還暦を目前に控えた足立郁人は、書斎の窓から見える夕焼けをぼんやりと眺めていた。妻の瑠美とは結婚して二十年が経つが、何故か彼女との思い出が霧の中に消えてしまったかのように、ぼんやりとしている。思い返しても、かつての彼らにあった情熱や笑顔は、すでに郁人の中から消え去ってしまっているのだろうか。代わりに、ふと頭に浮かぶのは半年前に食事を共にした田所優香の顔だった。彼女と交わした何気ない会話、そしてその時感じた何とも言えない感覚が、しつこく彼の心に居座っている。その夜、リビングから妻の苦しげな声が聞こえてきた時、郁人は思いがけない感情に襲われることになる。瑠美の顔が真っ赤に染まり、まるで閻魔様のような厳しい表情で郁人を見つめた。普段なら、その形相にどこか怖さを覚えそうなものだが、今日は違った。彼女の声はかすれ、明らかに熱があるようだった。

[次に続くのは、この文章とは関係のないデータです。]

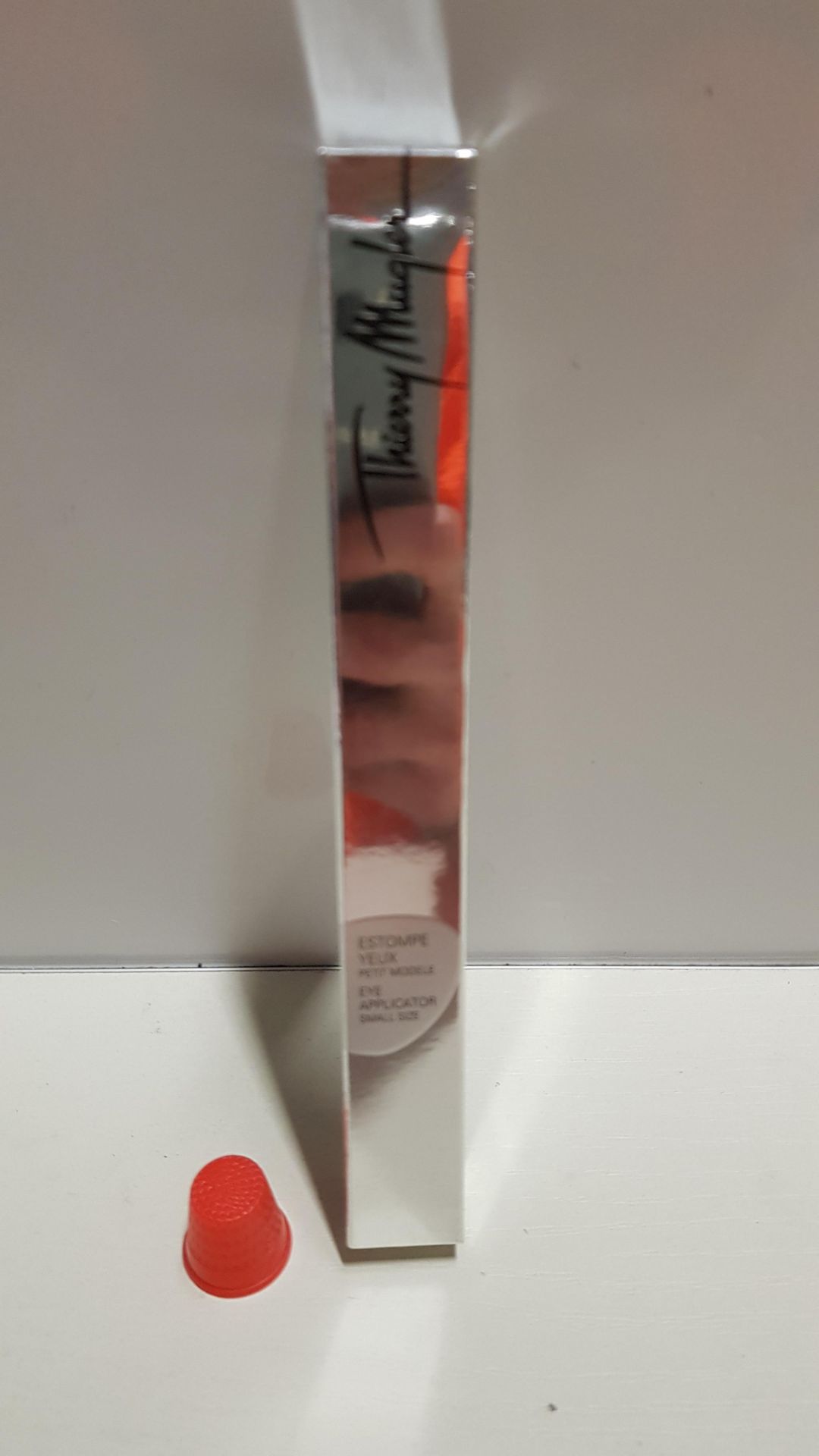 46 X BRAND NEW THIERRY MUGLER EYE APPLICATOR IN SIZE SMALL AND LARGE (NOTE: BOXES SLIGHTLY DAMAGED)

「どうしたんだ?大丈夫か?」郁人が問いかけると、瑠美は弱々しく首を振り、ソファに崩れるように座り込んだ。郁人が慌てて体温計を手に取ると、数値は38度を軽く超えていた。瑠美は元々丈夫な体質で、滅多に熱を出すことはなかったはずだが、ここ一年ほどで体調を崩すことが増えたのが気にかかる。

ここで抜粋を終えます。